Myart fait totalement l’impasse sur les études proposées par les professionnels des télécoms qu’il relègue à l’invisible face aux canons de l’industrie de l’armement, sans doute riche de solutions clefs en main sur le marché. Impasse similaire pour l’étude fondatrice de Christophe Espern. Impasse encore pour les remarques publiées au sein même de la LOPPSI 2, projet de loi qui veut organiser le filtrage des sites pédopornographiques. Un secteur pourtant encore plus sensible et directement attentatoire à la dignité de la personne humaine.

Pour le parlementaire, no problemo ! « Le blocage des sites illégaux sera accompagné du gel des transferts de fonds et de l'interdiction de publicité des contrevenants sur le territoire national. Ce sera donc difficile pour eux de rameuter des joueurs nouveaux. Si on bloque 98 % ou 99 % des sites illégaux, on a gagné ». Et si c’est 97% ?

Copier Hadopi, c'est une erreur

Reste que selon Jacques Myard, l’Assemblée aura fait une erreur dans ce projet de loi : celle de vouloir copier le système retenu pour Hadopi, c'est-à-dire confier le blocage à une décision de justice. « C'est marcher sur la tête. On a eu la trouille du Conseil constitutionnel, mais on n'est pas du tout dans le même cas de figure. Dans le cas présent, on ne parle pas d'accès individuel, mais de sites illégaux. De plus, la liberté d'entreprendre et de commerce n'a pas de valeur constitutionnelle. Ce n'est pas une liberté publique fondamentale. Prenons un exemple : aujourd'hui, les sex-shops sont interdits autour des écoles. Si un de ces établissements s'installe aux alentours d'un établissement scolaire, il suffit que j'interpelle le maire, qui dépose un arrêt, pour mettre fin à ce commerce. Dans le cas des sites illégaux, cela devrait être du même ordre. Je maintiens que la procédure pourrait être administrative sous contrôle du juge a posteriori. »

La trouille du Conseil constitutionnel n’était pas si exotique que cela : dans la décision Hadopi, le Conseil constitutionnel a expliqué aux Parlementaires attentifs que seul le juge pouvait porter atteinte à la liberté d’information, liberté fondamentale dont l’accès internet est une composante. Or, couper l’accès, c‘est certes couper l'accès à internet, mais c’est aussi l'accès à un site. L’intervention était en outre en pleine conformité avec l’amendement 138, même si l’on sait l’existence de ce dernier menacée.

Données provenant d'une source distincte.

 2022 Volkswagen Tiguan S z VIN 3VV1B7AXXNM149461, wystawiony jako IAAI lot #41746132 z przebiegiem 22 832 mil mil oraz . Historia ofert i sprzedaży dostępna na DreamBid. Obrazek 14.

Le sur-blocage, un hors sujet ?

On regrettera à nouveau le hors sujet total que nous dénoncions précédemment. Le thème problématique de la loi sur les jeux d’argent, comme toute procédure de blocage est la sur-efficacité, non de la sous efficacité. Ce que l’on craint ce sont les effets de bord sur les sites « sains » c'est-à-dire non ciblés par la justice ou une quelconque autorité. Or, comme exposé, aucune des techniques ne permet d’atteindre l’objectif de blocage sans impacter d’autres sites. Un peu comme les fameuses « frappes chirurgicales » si chères à l’industrie de l’armement...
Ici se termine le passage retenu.